A pesquisadora desenvolve pesquisas sobre a França nas temáticas de ativismo transnacional, ação coletiva, democracia e movimentos políticos. Atualmente conta com dois projetos em andamento: Democracias e participação política: Brasil e França em perspectiva comparada, com financiamento da BPA/PUCRS e FAPERGS nas Bolsas de Iniciação Científica e Padrões de ativismo transnacional migrante em tempos de ascensão da direita: a atuação política de migrantes brasileiros na Argentina, Estados Unidos e França, com financiamento de boas de IC CNPq.
A pesquisadora explica que as eleições na França impactam em diferentes cenários já que o País ocupa posições centrais em instituições internacionais e blocos regionais que têm grande peso no cenário internacional.

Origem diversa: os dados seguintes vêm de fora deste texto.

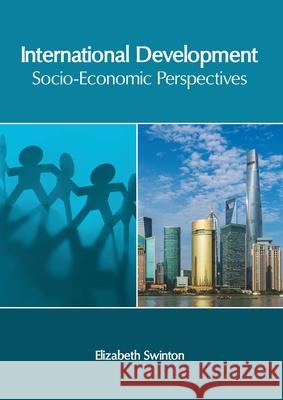 International Development: Socio-Economic Perspectives Elizabeth Swinton 9781632408563 Clanrye International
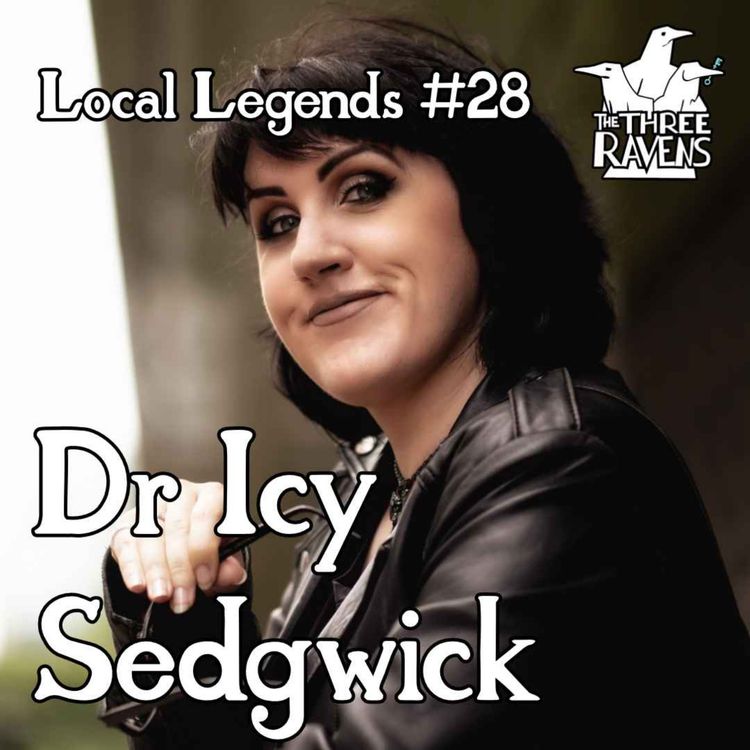 cover art for Dr Icy Sedgwick | Local Legends #28: Northumberland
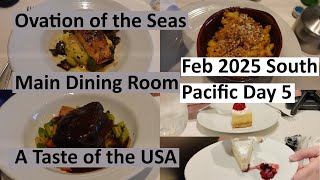 Main Dining Room "A Taste of the USA" Ovation of the Seas February 2025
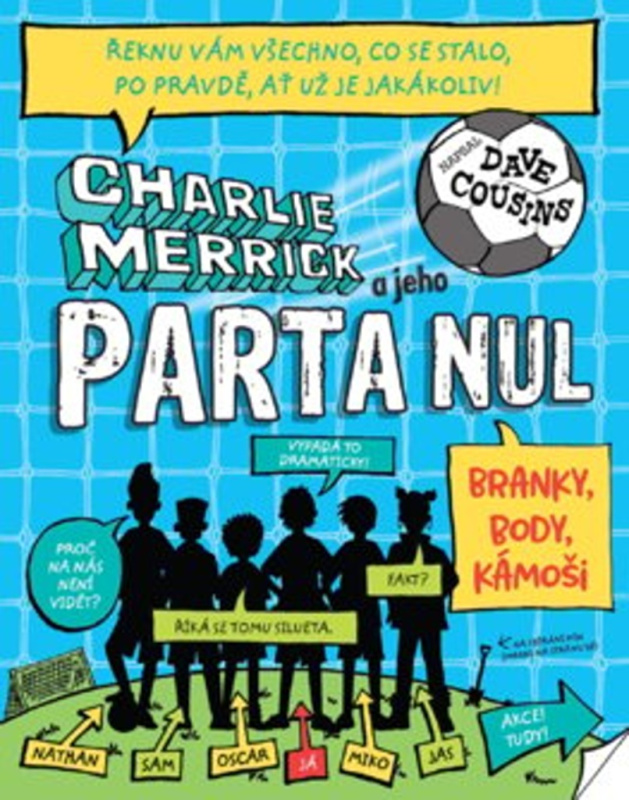 Charlie Merrick a jeho parta nul: Branky, body, kámoši - kniha z kategorie Beletrie pro děti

O país europeu é um dos fundadores da Organização das Nações Unidas (ONU), e ocupa uma das cinco cadeiras permanentes do Conselho de Segurança, o que lhe garante poder de veto nas decisões do grupo. Além disso, a França ocupa o cargo de presidência da União Europeia (UE). A professora explica que, por conta disso, a forma como o futuro presidente se posicionar vai impactar o cenário europeu.

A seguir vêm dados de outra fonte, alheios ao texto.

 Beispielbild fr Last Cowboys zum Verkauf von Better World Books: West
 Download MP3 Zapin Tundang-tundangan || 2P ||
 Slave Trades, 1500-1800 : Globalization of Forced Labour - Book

“As eleições de 2022 são ainda mais importantes no presente contexto, marcado pela Guerra na Ucrânia, dado que atualmente a França ocupa a presidência da UE. Embora o bloco tenha vivido uma crise há poucos anos com o Brexit, ele volta ao centro dos holofotes com o conflito”, destaca a docente.
Ela pontua ainda que os riscos causados pela Guerra forçam um fortalecimento da UE como um bloco, sobretudo para fazer frente aos desafios comuns que agora emergem, tais como a dependência do gás russo e a acolhida do fluxo massivo de refugiados vindos da Ucrânia. “A posição de liderança de um bloqueio contra a Rússia foi ocupada por Macron, sobretudo após a emergência de denúncias de massacres contra civis. Por mais este motivo, a eleição na França pode ter um peso para o desenrolar do conflito e na forma como os europeus lidarão com as suas consequências”, complementa a pesquisadora.

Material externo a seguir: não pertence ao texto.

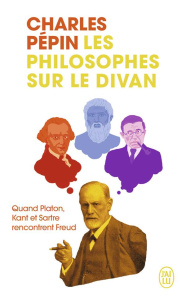 Les philosophes sur le divan. Quand Platon, Kant et Sartre rencontrent Freud - Pépin Charles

Marques ressalta que, desde a Segunda Guerra Mundial, a França participa ativamente da construção da ordem internacional e que foi fundamental para a validação da chamada diplomacia dos Direitos Humanos europeia. “A partir de uma perspectiva das Relações Internacionais, que assume que as ideias importam, acredito que a França tem grande importância como promotora de agendas globais. Do ponto de vista ideológico, as eleições na França também importam, haja vista que elas podem indicar tendências de fortalecimento da esquerda ou da direita perante o eleitorado”, finaliza.
O sistema eleitoral da França é uma democracia semi-presidencialista ou semi-parlamentarista e o voto não é obrigatório no país. A eleição acontece em dois turnos, o presidente tem um mandato de cinco anos e ele pode ser eleito para dois mandatos.
Conforme explica a pesquisadora, é um regime no qual o presidente é eleito por sufrágio universal direto, para se tornar chefe de estado com prerrogativas próprias. Em teoria, neste regime as responsabilidades são divididas entre o chefe do governo à frente do parlamento e o chefe de estado, mas na prática o chefe de Estado tem mais força visto que ele nomeia o chefe do governo.